The high resolution of fetal ultrasonography and fetal magnetic resonance imaging (MRI) frequently enables identification of abnormal features of the bowel in the fetus. Both studies readily identify a dilated loop of bowel and are good predictors of a proximal bowel obstruction such as atresia or volvulus.

In some situations, fetal diagnosis of a proximal bowel atresia may prompt amniocentesis because a strong relationship exists between some types of bowel obstruction and some chromosomal anomalies. For example, children with duodenal atresia have a higher incidence of trisomy 21. Thus, prenatal imaging of a bowel obstruction may complement other modalities of prenatal counseling for parents.

Ultrasonography is useful for identification of abnormal loops of bowel in the fetus. Unlike in the newborn, the fetal bowel is gasless, without swallowed air that distorts the image. As mentioned above, a dilated loop of small bowel may suggest an atresia or volvulus. A whirlpool appearance to the bowel and bowel mesentery may indicate malrotation with volvulus. Echogenic bowel suggests bowel compromise. In approximately one third of fetuses with echogenic bowel on prenatal ultrasonography, a malformation of the GI tract is later confirmed.

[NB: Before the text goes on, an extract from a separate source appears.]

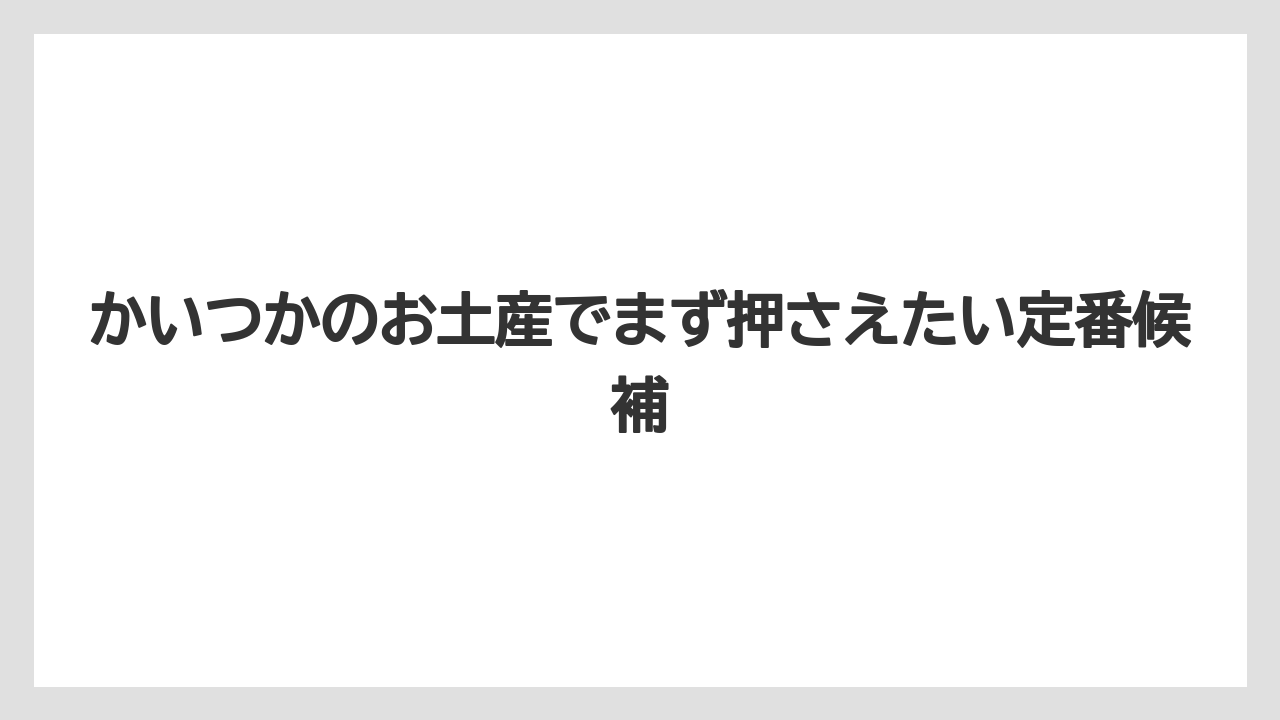 かいつかのお土産でまず押さえたい定番候補
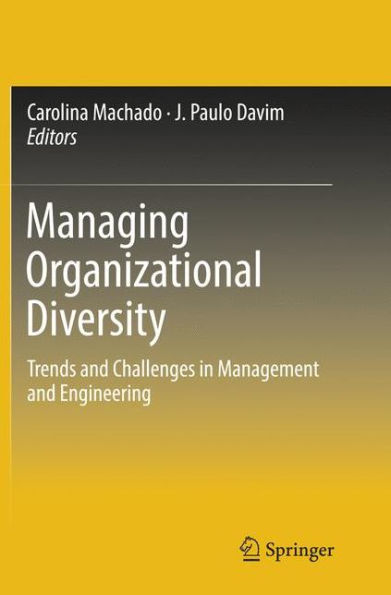 Managing Organizational Diversity: Trends and Challenges in Management and Engineering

Some prenatal ultrasonographic or MRI features are associated with specific abnormalities in the fetus. A dilated proximal esophagus is often observed with esophageal atresia. Bowel within the thoracic cavity confirms a congenital diaphragmatic hernia. More subtle signs can be observed as well. Flecks of calcification throughout the peritoneal cavity suggest meconium peritonitis from prenatal bowel compromise and perforation and strongly suggest cystic fibrosis. Finally, the nonspecific finding of ascites can suggest compromised bowel in the fetus. Other nonsurgical causes of postnatal bowel dysfunction, such as hydrocephalus or renal disease, may also be observed on prenatal imaging studies.

The prenatal diagnosis of a bowel obstruction may directly improve postnatal outcome by expediting its surgical management. Immediate surgical intervention may be needed in patients with congenital diaphragmatic hernia, esophageal atresia, or malrotation with volvulus. Many children with a prenatal diagnosis of bowel obstruction are referred for delivery in a center where pediatric surgeons are readily available.

In situations where prenatal imaging has been used to diagnose an anatomic cause of bowel obstruction, focused resuscitation in the delivery room may facilitate preoperative stabilization. If positive pressure respiratory support is needed, rapid intubation without prolonged bag-mask ventilation may minimize bowel distention and improve outcome. A child born with a possible bowel obstruction should undergo immediate nasogastric decompression because progressive bowel distention from swallowed air may cause further compromise. Fluid sequestration in a dilated loop of obstructed bowel may require aggressive parenteral fluid administration to maintain the patient's hemodynamic stability. Preoperative laboratory studies, antibiotics, and vitamin K may also be an appropriate part of the delivery room resuscitation.